Lithium remains one of the drugs of choice for the treatment of mania in elderly patients with BD. Despite the very strong evidence for its effectiveness there are significant concerns about the tolerability of lithium in the older population. There have been very few controlled studies of the efficacy and safety of lithium among the elderly and use of the drug is probably decreasing because of the risks of interactions with other drugs and its toxicity.

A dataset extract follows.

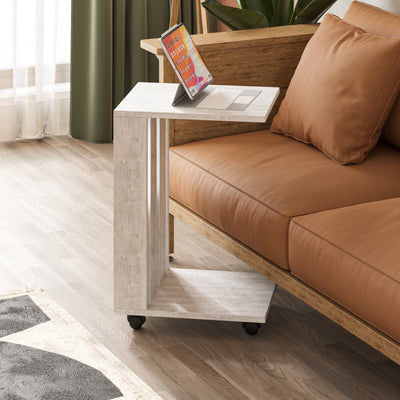 Edi Modern Side End Table Multipurpose With Creativeness H 60cm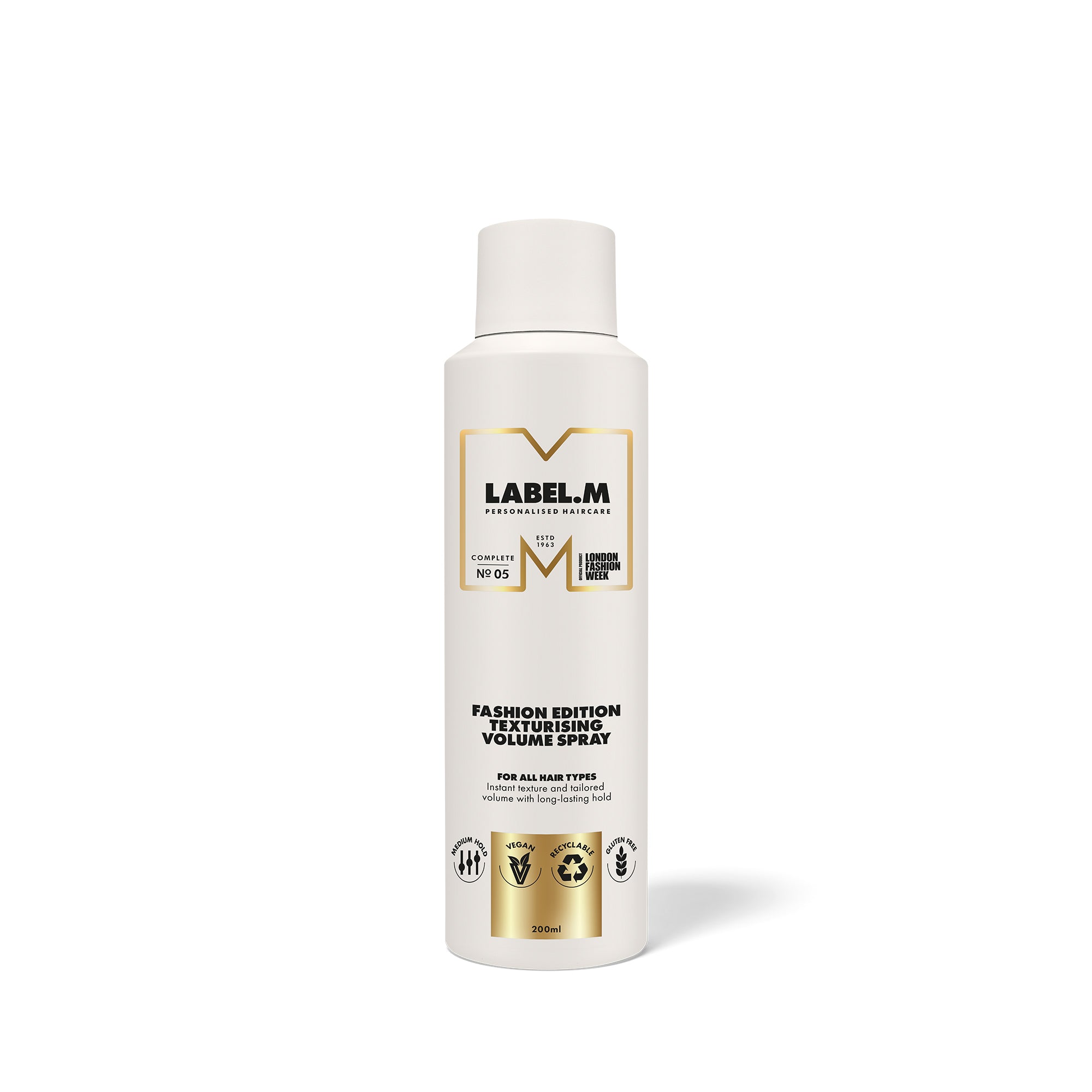 LABEL.M Fashion Edition Texturising Volume Spray - TONI&GUY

Assessing response to treatment in elderly BD patients is complicated by comorbid medical conditions and drug interactions; nevertheless, we conclude that lithium should still be considered the first choice agent for treatment of mania in BD. Very little evidence supports the use of alternative drugs, such as other mood-stabilizing agents or atypical antipsychotics, in older adults. The currently available data suggest that other drugs, such as valproate, may be as therapeutically effective and better tolerated but at present there is not enough evidence to recommend switching to another mood stabilizer. Lithium, therefore, remains the first-choice drug for treatment of BD in the geriatric population. Lower plasma concentrations of lithium than those usually considered effective in adults, appear to be useful and well-tolerated among older patients. Moreover, it has been reported that BD patients have a higher risk of cognitive impairment and dementia than the general population and recent preclinical and clinical studies suggest that lithium has potential neuroprotective functions.53

Our systematic review of recent evidence underlines the need for close monitoring of plasma concentrations of lithium in the elderly. It also suggests that in the elderly lithium is as effective and better tolerated at lower doses.